Bürgerkrieg in Libyen: Die Angst vor Extremisten wächst
UN-Generalsekretär Ban Ki Moon fordert zum Dialog in Libyen auf. Aber die Milizen drohen denjenigen, die mit der neuen Regierung verhandeln.
TUNIS taz | Diplomaten in Brüssel und New York schlagen wegen der Kämpfe in Bengasi im Osten Libyens und westlich der Hauptstadt Tripolis Alarm. „Wenn sich die Situation nicht schnell bessert, könnte Libyen als nächstes Land unter die Kontrolle des Islamischen Staates (IS) und anderer Extremisten geraten“, warnte die italienische Außenministerin Federica Mogherini vergangene Woche vor EU-Parlamentariern. Vor einer Woche hatte die Miliz „Islamische Armee“ in der Kleinstadt Derna östlich von Bengasi offiziell ihre Solidarität mit IS erklärt. Am Samstag landete UN-Generalsekretär Ban Ki Moon überraschend in Tripolis.
Zuvor war ein von der Uno vermittelter Waffenstillstand zwischen dem im Juli gewählten Parlament und der in Tripolis einmarschierten Milizenallianz al-Fadschr gescheitert. Ban traf in Tripolis mit mehreren Abgeordneten des Repräsentantenhauses zusammen, die den Sitzungen des neuen Übergangsparlaments fernbleiben.

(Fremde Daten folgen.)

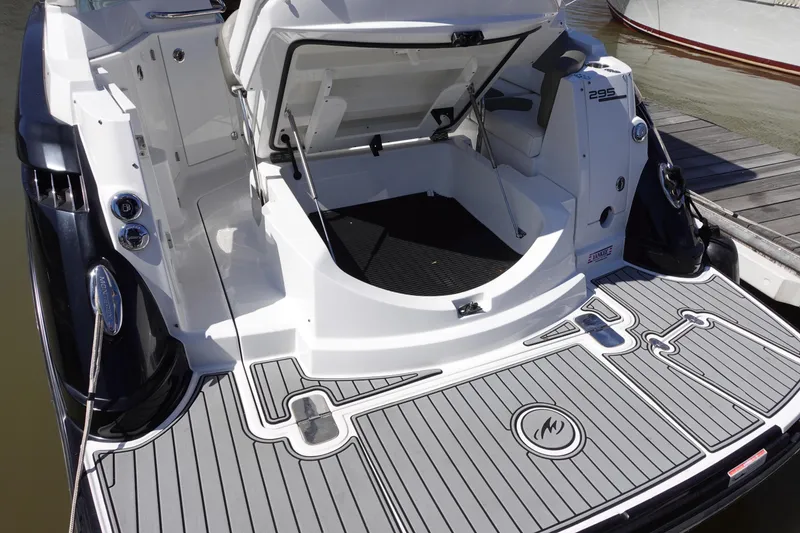 Slide: The Image of 2018 Monterey 295 Sport Yacht with open storage compartment and sleek deck design. - 6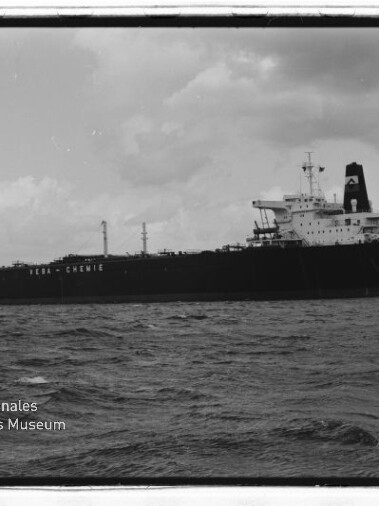 Schwarzweißaufnahme eines großen Tankers mit achterlichem Aufbauten, sichtbarer Bugwelle und bewölktem Himmel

Die meist aus Misrata stammenden Islamisten werfen den im ostlibyschen Tobruk tagenden mehrheitlich liberalen Parlamentariern vor, zusammen mit der ägyptischen Armee und der libyschen Luftwaffe gegen die „revolutionären“ Milizen vorzugehen. Die Parlamentarier hatten beschlossen, alle nicht von Staat als Sicherheitskräfte anerkannten Milizen ab Januar zu verbieten und nicht mehr zu bezahlen.
Fast 300.000 Menschen sind seit dem Angriff der islamistischen Misrata-Milizen auf die Hauptstadt vertrieben worden. Bei ihrem Vormarsch auf die mit der Armee und dem Parlament verbündeten konservativ-gemäßigten Kämpfer aus der Stadt Sintan in den vergangenen zwei Wochen kamen über 200 Menschen ums Leben.
Gefährliches Machtvakuum
„Es gibt keine Alternative zum Dialog“, versuchte Ban den Konfliktparteien einzubläuen. Immerhin hatte sein Libyen-Sondervermittler Bernardino León Vertreter beide Seiten in der Wüstenoase an einen Tisch bekommen. Moderate Politiker aus der Handels- und Industriemetropole Misrata zeigten sich offen für einen Kompromiss. Einer der militärischen Anführer der Fadschr-Allianz, Saleh Badhi, drohte hingegen jedem, der mit der „vom Ausland gesteuerten“ Tobruk-Regierung verhandle.
Das durch den Kampf der Stämme, Liberalen und moderaten Islamisten entstandene Machtvakuum nutzen extremistische Gruppen, um Fakten zu schaffen. Mohammed al-Zahawi, Kommandeur der Ansar-al-Scharia-Miliz, bekräftigte am Wochenende, dass die sogenannte „Schura-Rat“-Allianz kurz davor stehe, die Kontrolle über ganz Bengasi zu übernehmen.
Die libysche Armee hat sich nach dem Verlust ihrer Kasernen in Bengasi auf dem nahe gelegenen Flughafen Benina verschanzt. „Wir haben den Feind umzingelt und vom Nachschub abgeschnitten“, so Zahawi, der die Islamisten wahlweise als „wahre Revolutionäre“ oder „Mudschaheddin“ bezeichnet. In einem Videoclip trat er zusammen mit Feldkommandeur Wessam Hamid vor dem schwarzen Banner auf, das auch vom IS genutzt wird.